Everyone understood that it was the only way out. The President went to the elevator that leads to the terrace. But before the climb, De la Rúa had a gesture that those who were there have not forgotten and that still breaks their voices today: “He went through the papers on his desk and picked up the Constitution…he walked back there with the Constitution in his hand.”.
“Fernando, you have completed your mission, you have done what you could”Rodríguez Giavarini told him. De la Rúa did not answer.
As they reached the terrace, the helicopter appeared, coming from Aeroparque. Before he walked through the town hall, he crossed the square towards the government building. As he approached the roof, radio communications from the military building were interrupted. In any case, they already had the necessary credentials to carry out their tasks and something that was in their favor: the wind that came from the east. The helicopter barely let its wheels run at full speed without dumping its weight on the terrace: they remained in a kind of hover, touching the ceiling without actually resting on it.
“De la Rúa arrived. But there was too strong an air current that made it very difficult to approach the helicopter. You had to use a lot of strength to walk. Remember also that the president was a man of thin build and advanced age. Two people carried him, one on each side, holding him by the arms. Between the aide and an air force corporal named Orazi, they broke his waist forward and with this strange maneuver they managed to to take him to the ship. Orazi opened the door and De “La Rúa went up with the adjutant. “It was a moment of great stress, the helicopter was flying and any gust of wind could cause you to make a sudden movement that could cause a blade to fall and cause an accident,” recalls Zanlongo.

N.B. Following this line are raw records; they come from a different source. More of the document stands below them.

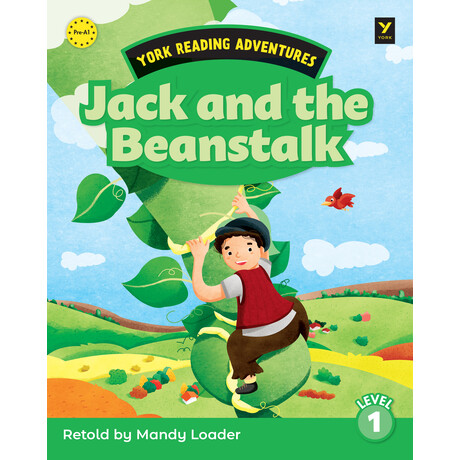 Yra 1: Jack and the Beanstalk Pack (Reader + Activity Book)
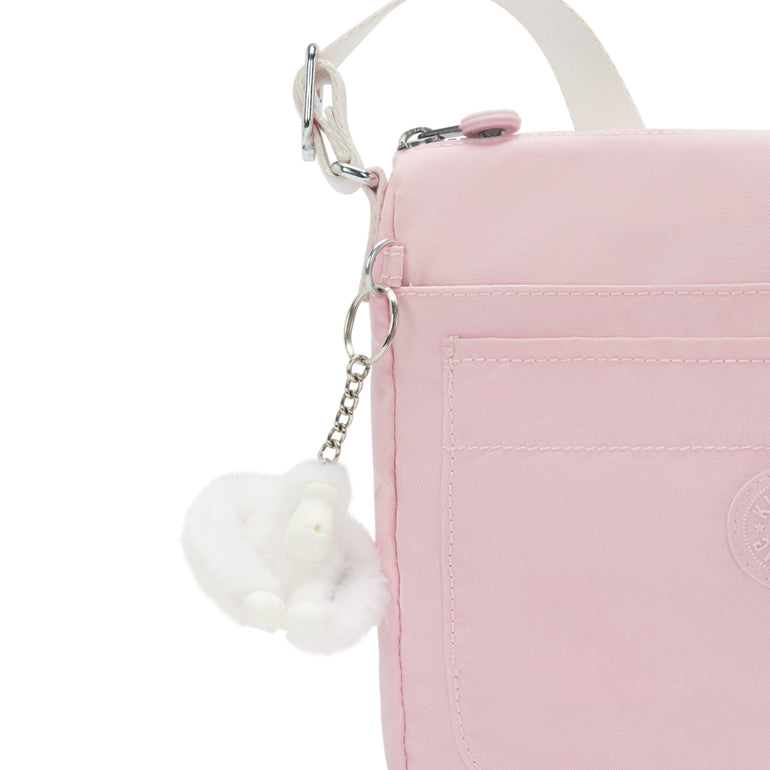 Kipling Sebastian Sac à bandoulière - Pink Surprise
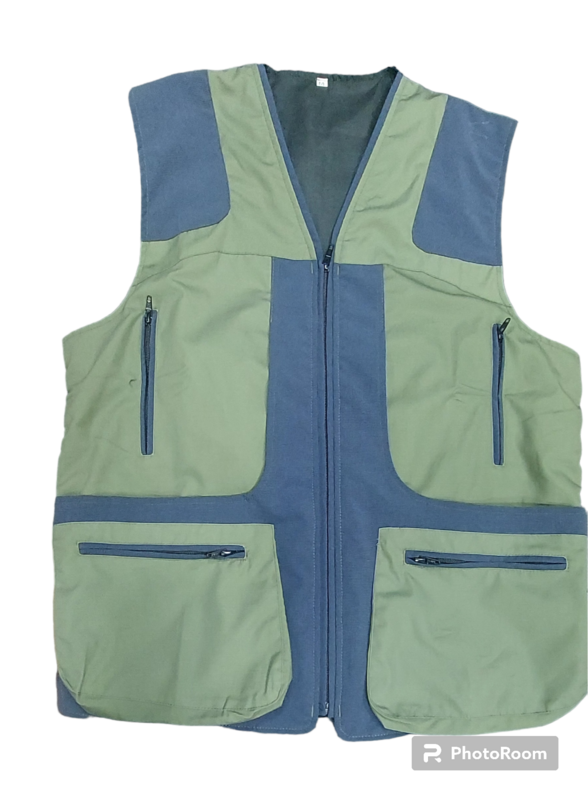 NOAN GILET  IDROEPELLENTE PRIMAVERA/ESTATE
COLORE: VERDE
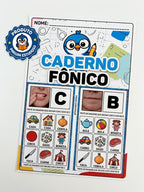 CADERNO FONICO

The President was on board minutes before eight in the evening. The pilot turned to check that the passengers were secured: he saw De la Rúa standing still, almost expressionless, and the aide raising his thumb as a sign that everything was ready. Then the helicopter took off in the direction of Olivos. During the journey, the president put on his glasses and looked out the window at the river.

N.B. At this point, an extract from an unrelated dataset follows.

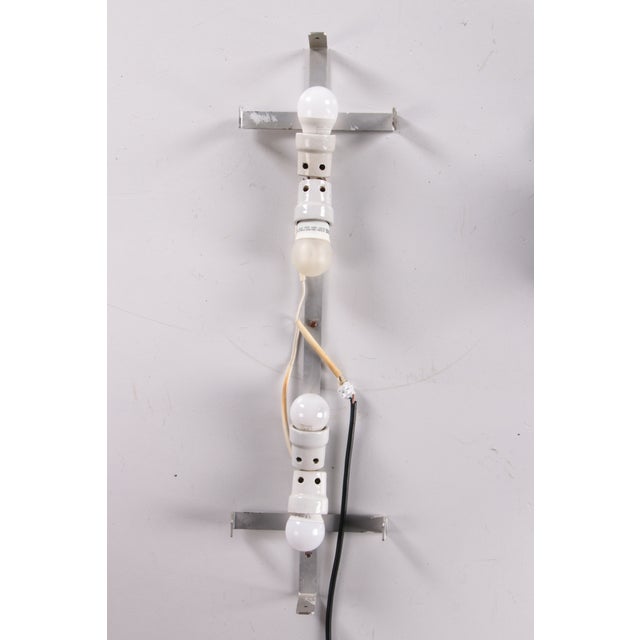 Ice Wall Lamp by Hillebrand, 1960s For Sale - Image 6 of 8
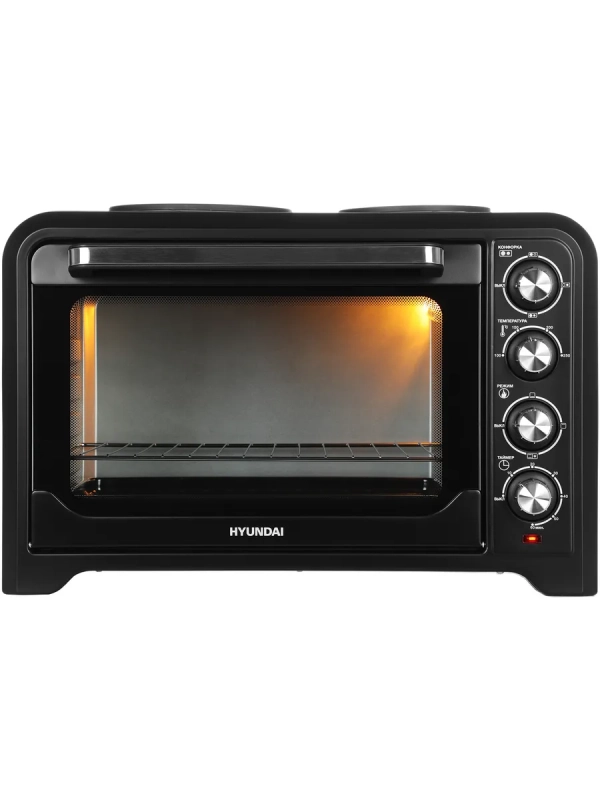 Мини-печь MIO-HY098 42л. 1600Вт черный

At some point between the departure of the helicopter from Aeroparque and before arrival at Casa Rosada, it was decided that the ultimate destination would be the Quinta de Olivos. The evacuation was planned with three options: Olivos was the most logical, but Campo de Mayo and the Anchorena farm in Uruguay were also considered. They had even equipped the H01, another presidential helicopter, with additional tanks, giving it great autonomy in the event a lengthy transfer was necessary. Ultimately he chose Olivos because the security conditions were there and his family was there too. And it was decided that the president would stay in the presidential palace that night.

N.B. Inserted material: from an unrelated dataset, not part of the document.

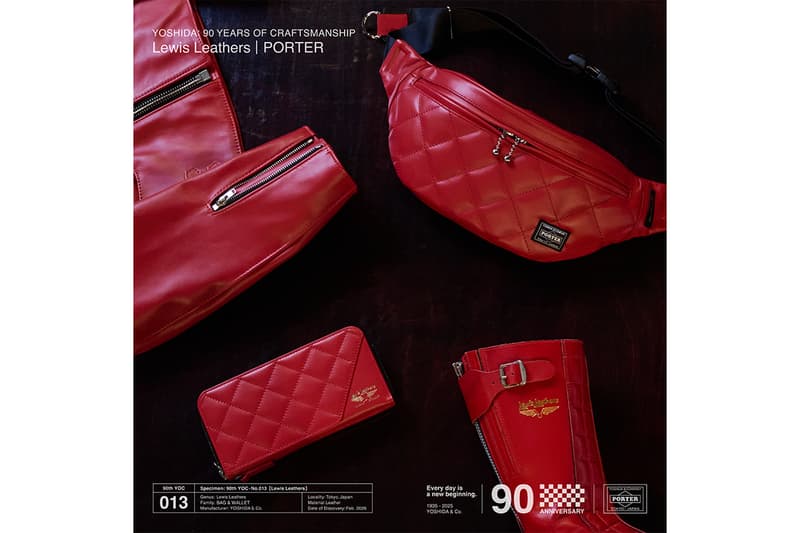 ルイスレザーズとポーターによるコラボコレクションが発売 lewis leathers porter collaboration release info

The head of the Grenadier Regiment was waiting for him at the Olivos heliport. Then he got in the car and drove to the presidential villa. His wife and youngest son, Fernando “Aíto” De la Rúa, were waiting for him there. A witness said it was the first time that day he had seen a different expression on her face. “It was a smile when he saw his wife and an attitude of gratitude towards his family. It was an expression of gratitude to those who had supported him in everything. “She hugged him.”
Ten years after the dramatic helicopter scene, De la Rúa LA NACION gave an interview from his law firm in Tribunales, where he continued to practice law. “I resigned because reality overwhelmed me,” he said.
Minutes later the ministers, secretaries and staff arrived. “The house was full of people,” someone said. De la Rúa had ceased to be president with the constitution in hand. And Argentina entered an unprecedented phase: over the next eleven days, five men would occupy Rivadavia’s chairmanship.